DETROIT — Chrysler Chairman Lee A. Iacocca warned Monday that the company's expensive new labor agreement with the United Auto Workers will add to mounting pressure on the auto maker to buy more components and fully built cars overseas--unless the union agrees to streamline its plant-level work rules in return for the contract's higher wages.
At a press conference held to announce that Chrysler's third-quarter earnings rose 20.9% to a record $316.2 million, Iacocca said he was "disappointed" that the company didn't win a stronger commitment on its top bargaining demand--that the union agree to reduce the number of job classifications in Chrysler's plants in order to increase the flexibility of the company's work force.
Chrysler had asked for a companywide program to streamline job categories in return for granting big wage gains in last week's $1-billion contract settlement. Instead, the UAW only agreed to pilot programs at four plants to test more flexible work systems.
But Iacocca indicated that he still hopes the union will eventually cooperate with the company to spread the streamlined system to other plants over the next few years.
Labor Costs Equal
Iacocca placed such heavy emphasis on the contract's provisions for plant-level productivity improvements, which must be ironed out on an ongoing basis with the union over the life of the agreement, because he said they are crucial to Chrysler's ability to remain a competitive domestic auto producer now that its labor costs are equal to those of its larger domestic rivals, General Motors and Ford.
"It's the old story; if you pay out more, you get less competitive," Iacocca said. "The present workers got their fair share under this contract, but what it holds for future employment is going to depend on just how competitive we get plant by plant."

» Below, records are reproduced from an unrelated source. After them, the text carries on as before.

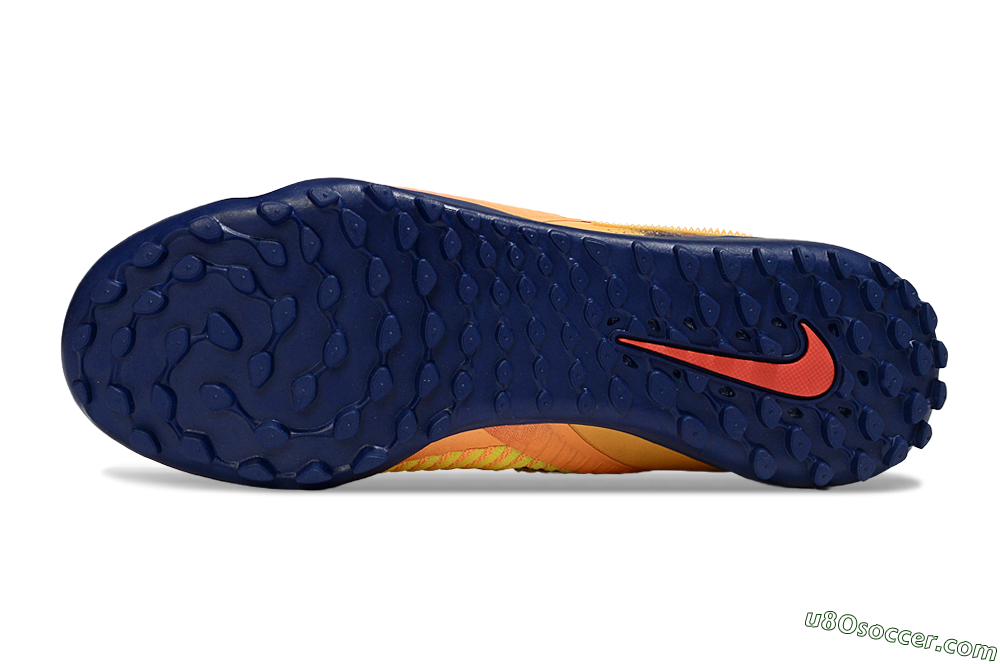 Nike Phantom 6 Elite High TF Artificial Turf Soccer Shoes - Orange/Fiery Orange/Deep Blue 6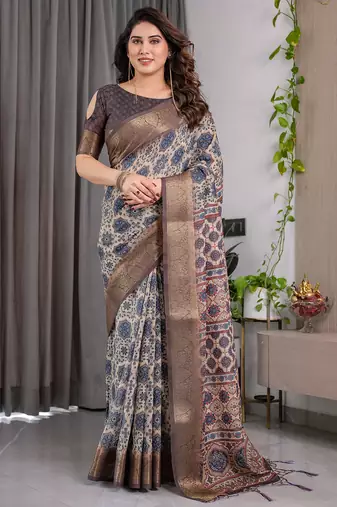 Pure handloom linen floral printed saree with blouse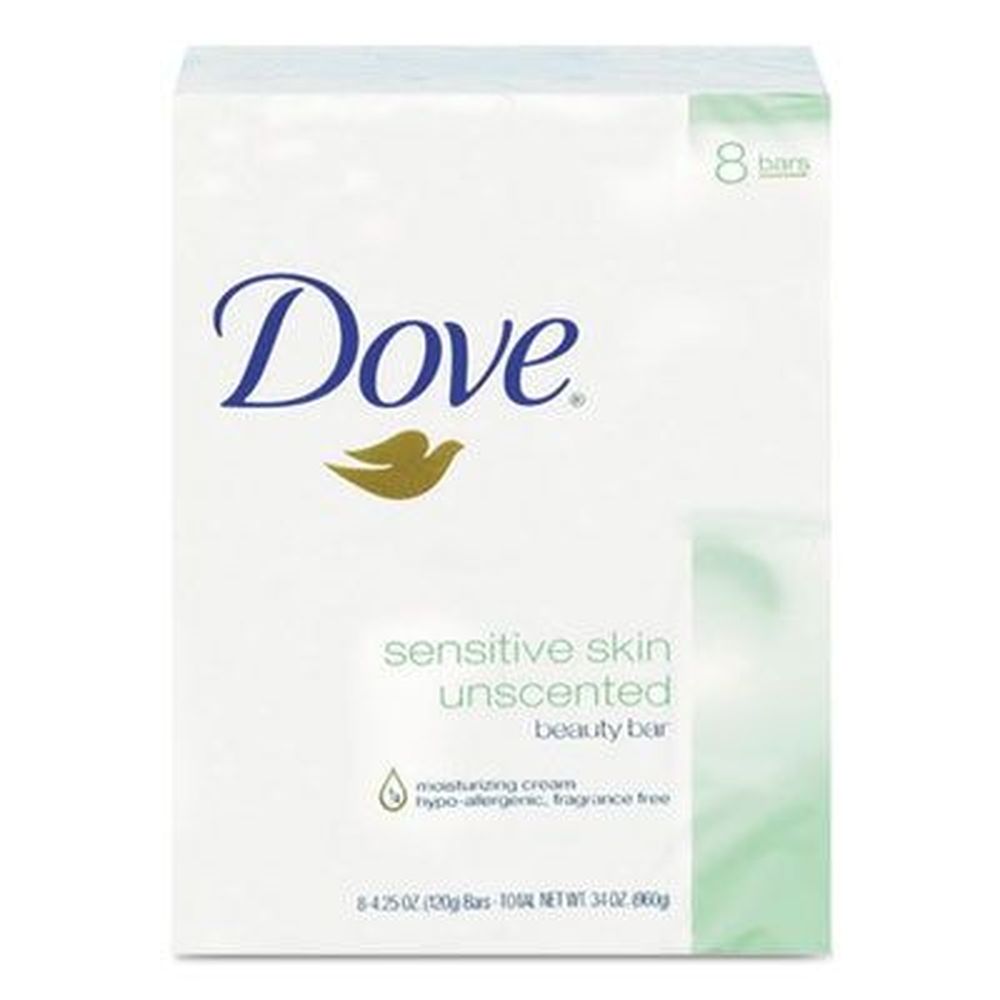 Dove Sensitive Unscented Skin Bath Bar, 4.5 Ounce - 8 Bars Per Pack -- 9 Packs Per Case
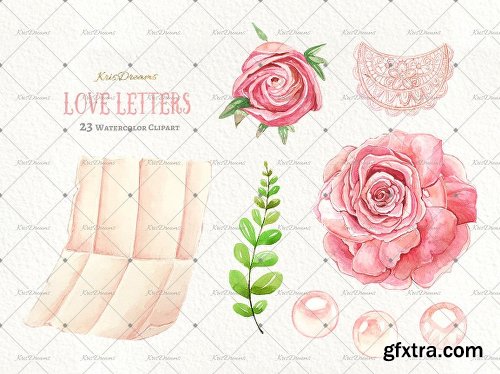 CreativeMarket Love Letter Clipart 2075195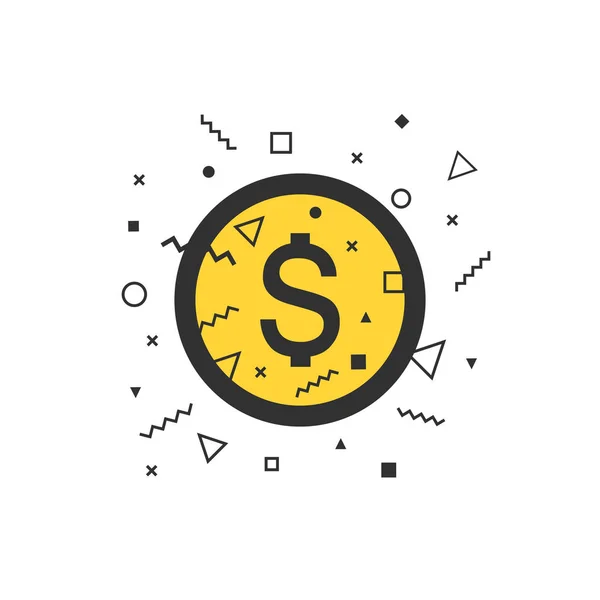 Εικονίδιο χρήματα, δολάριο σύμβολο στον κύκλο. μετρητά ή κέρμα εικονογράφηση. Μέμφις στυλ. νόμισμα οικονομική εικόνα. Εικονογράφηση διάνυσμα που απομονώνονται σε λευκό φόντο. — Διανυσματικό Αρχείο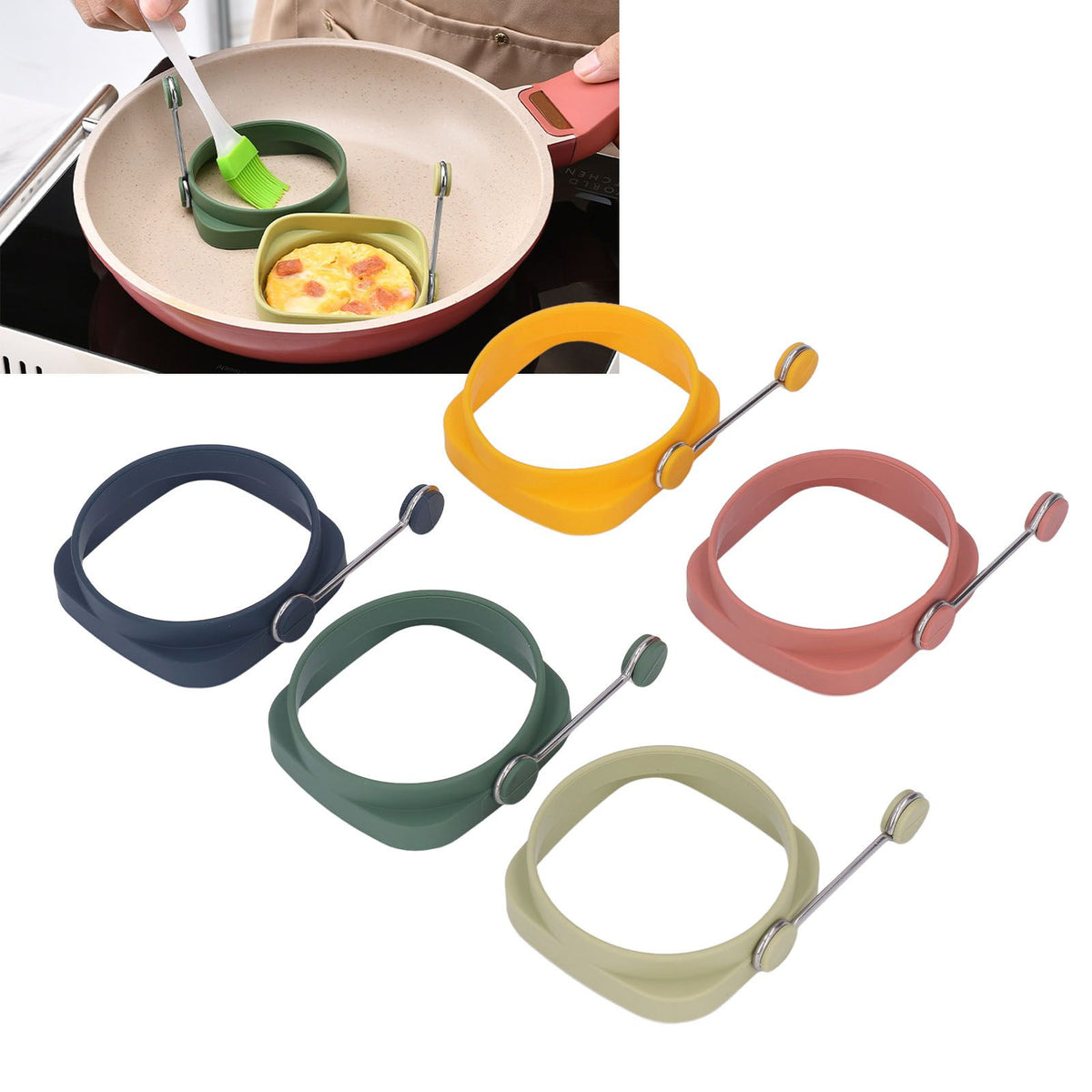 5 PCS Handle Egg Frying Rings Silicone Double Sided Egg Rings Quadrate Round Dual Use Omelet Mold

Chrysler says that, companywide, its workers now fall under as many as 500 different, strictly defined job categories, compared to as few as five or six categories at the Japanese auto companies. The proliferation of restrictive categories limits the range of tasks that individual workers are allowed to perform and thus reduces productivity, company officials argue.
Chrysler's new three-year pact was ratified by its 70,000 U.S. workers on Sunday, ending a 12-day nationwide strike that Iacocca said cost Chrysler between $150 million and $200 million in lost fourth-quarter profits. The agreement will increase the auto maker's labor costs by 6.5% per year--which is well above the rate of inflation--or more than $1 billion over three years, company officials said.
Rewards for Workers
But Chrysler satisfied the UAW's key demand for wage "parity" with GM and Ford, and it also provided cash bonuses to partially reimburse workers for concessions they granted Chrysler between 1979 and 1981 to keep the company afloat.
Iacocca acknowledged that, "with the company making so much money over the last 24 months, it was pretty hard to argue that our (workers) shouldn't get as much as the people at Ford and GM. The workers had to be paid back something for the sacrifices that they made."
Still, he complained that the contract, which includes provisions for a $170-million job security "bank" to protect workers from being laid off due to the subcontracting of work to domestic or foreign suppliers, doesn't provide real job security because it doesn't make Chrysler's plants more competitive.
Iacocca said the company has no immediate plans to increase its use of foreign parts as a result of the higher labor costs of the new contract. He noted that Chrysler has already expanded its purchases of imported cars and components as a result of the easing of import quotas on Japanese cars and so doesn't need to make additional foreign sourcing moves right away. But he warned that the trends are increasingly ominous for Chrysler's domestic auto production.
"When you add it all up, we are still a 90% local content company," Iacocca said. "But are we going to be that five years from now? Oh, I don't know that number. I'm not positive of that number, but the pressure is on to take it down."
For the third quarter (which ended before its U.S. and Canadian strikes began), Chrysler's net income of $316.2 million even outpaced Ford's earnings of $313.1 million.
Chrysler said sales incentives helped spur its U.S. car and truck sales to a 24.3% gain during the quarter, offsetting the heavy costs of the incentive program.
Chrysler had worldwide sales of $4.5 billion and pretax earnings of $451.8 million--both records for the third quarter.
For the first nine months of 1985, Chrysler's net earnings were off 19.8% to $1.42 billion, primarily because the company has exhausted the tax benefits that it built up from its massive losses in the early 1980s, making its earnings once again subject to income taxes.